A blue-eyed Gypsy Cob has been born to Gentle Annie and The Vicar at Bullswool Heritage Farm in the Karangahake.
For the better part of two weeks, the young colt has been sleeping, which his owner Sue Austen said was a good sign.
“He’s very playful and he’s very curious and he sleeps an enormous amount. When they sleep, they grow, so he’s going to be big. He’s going to be an absolute whopper.”
The birth of the foal on October 31 brings the number of Gypsy Cobs living at the farm park to seven, and the unique breed of horse has been admired by Sue and her mum Jan for a decade.
“When I was a teenager, I used to horse deal to earn money,” Sue told The Profile. “I’d buy horses and train them up and sell them on,” she said. “I used to do really well with quiet kids’ ponies, and I also used to sell ex-race horses.”

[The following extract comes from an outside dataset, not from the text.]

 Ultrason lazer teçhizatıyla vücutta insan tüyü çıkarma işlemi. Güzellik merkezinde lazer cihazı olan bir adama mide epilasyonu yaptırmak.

Sue would get enquiries from novice riders interested in buying her thoroughbreds, and soon found there was a real need for adult horses that were “quiet, nice, easy and fun”.
“And that was just going to be your best mate… like a kid’s pony.”

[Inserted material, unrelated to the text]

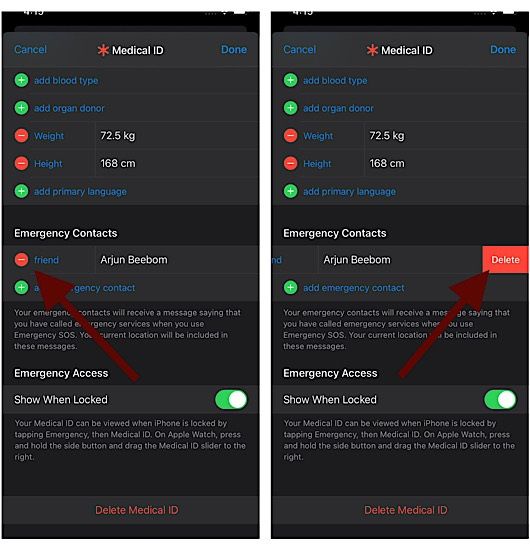 Cómo eliminar un contacto de emergencia en Apple Watch y en iPhone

The Gypsy Cob, also known as an Irish Cob, Gypsy Horse, or Tinker Horse, is a breed of domestic horse from Great Britain and Ireland, and Sue soon discovered they were the perfect breed to fit the bill.

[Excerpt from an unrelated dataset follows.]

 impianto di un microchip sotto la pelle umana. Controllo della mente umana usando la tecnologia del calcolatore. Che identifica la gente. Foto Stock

“They’re a small draft breed, and they’re the horses gypsies used to pull their vargos,” she explained, “and Gypsy Cobs are unique in a couple of ways. The flight reaction, which is inherent in most horses, has pretty much been bred out of them, so if something frightens them, they tend to engage with it and get curious.
“Also, they have a really strong connection to humans. The gypsies see you as two-legged members of their herd,” she said. “They’re very loving, affectionate horses that really want to be around their people.”
After travelling overseas and encountering the unique breed, Sue arrived back in New Zealand and talked to her mum about the idea to import them, because there were so few in the country at the time.
The first Gypsy Cob she imported was The Vicar – who arrived in Paeroa from America around 10 years ago.
At the farm park there is also a second stallion, a gelding, a mare called Good Penny, and her daughter Good Faith.
The birth of the unnamed colt is the fifth foal of Gentle Annie, who is named after a Celtic goddess of fertility. She stands around 15.1 hands high and is homozygous for colour, meaning that no matter who the stallion is, every foal of Gentle Annie’s will be broken-coloured like her.
Sue said the birth was always a stressful time.
“You just want your mare to get through it and be okay. Annie is really maternal so to lose a foal… you just really feel for the mares. You want them to be safe.”
Now that mum and foal have settled in, Sue said the young colt will join the other Gypsy Cobs in the top paddocks, away but still visible to the farm park’s guests.
“We want the foals to be actual horses and learn herd behaviour,” she said. “He’ll be in the farm park for a couple of weeks, and then he’s going to go off and learn how to be a horse.”